Our Opinion: Food industry still relatively safe for all

Published 7:49 am Wednesday, February 21, 2007

By Staff
Last week's recall of two brands of peanut butter has caused fear in vegetarians and moms across the nation. That fear is similar to a fear put into the hearts and minds of Americans after reading a fact-filled book by Upton Sinclair.
In 1906, Sinclair published a book called &#8220The Jungle.” The book became an instant best seller as he told of dead rats being shoveled into sausage-grinding machines in the Chicago stockyards. He told how inspectors were bribed to turn away as diseased cows were slaughtered for beef and how filth and entrails were gathered from the floor and packed as potted meat.
It only took a few months for the public to demand reforms in the meat packing industry.
Even President Theodore Roosevelt was ill after reading his copy and immediately called on Congress to pass a law establishing the Food and Drug Administration.
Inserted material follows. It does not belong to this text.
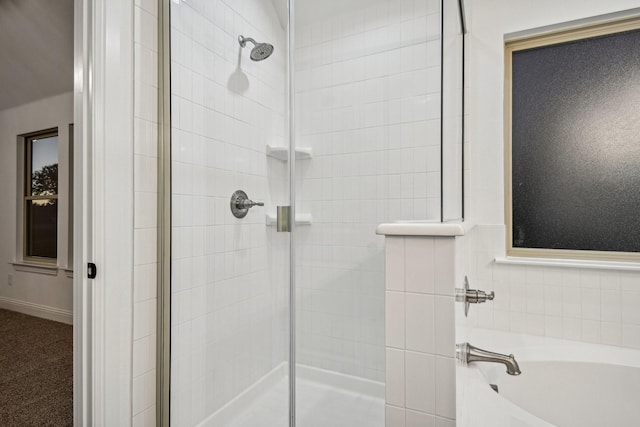 bathroom featuring shower with separate bathtub and tile walls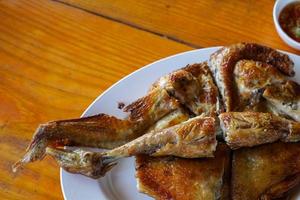 poulet grillé dans une assiette blanche sur parquet - menu thaïlandais traditionnel c'est un plat simple et populaire. photo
That act called for federal inspection standards to be implemented and the Pure Food Act was born.
Although the salmonella found in Peter Pan and the Wal-Mart Great Value brands of peanut butter was frightening, realistically the industry remains very safe, experts say.
Considering the amount of peanut butter that is involved in this recall, a great deal of the sticky, sweet substance must be sold throughout the United States and around the world.
When carefully considered, the number of people who have actually fallen ill because of the problem is not too bad - unless, of course, you were one of those who became ill after consuming the product.
The company made the recall voluntarily, which provides evidence they are being conscientious in their service to the public.
We urge consumers of all products to be aware of news and information being provided daily by producers of foods, clothes, furniture and more, concerning safety and health issues.
We applaud ConAgra Foods for making the voluntary recall. We further applaud Upton Sinclair for making government sick enough to put a watchful eye on companies like ConAgra.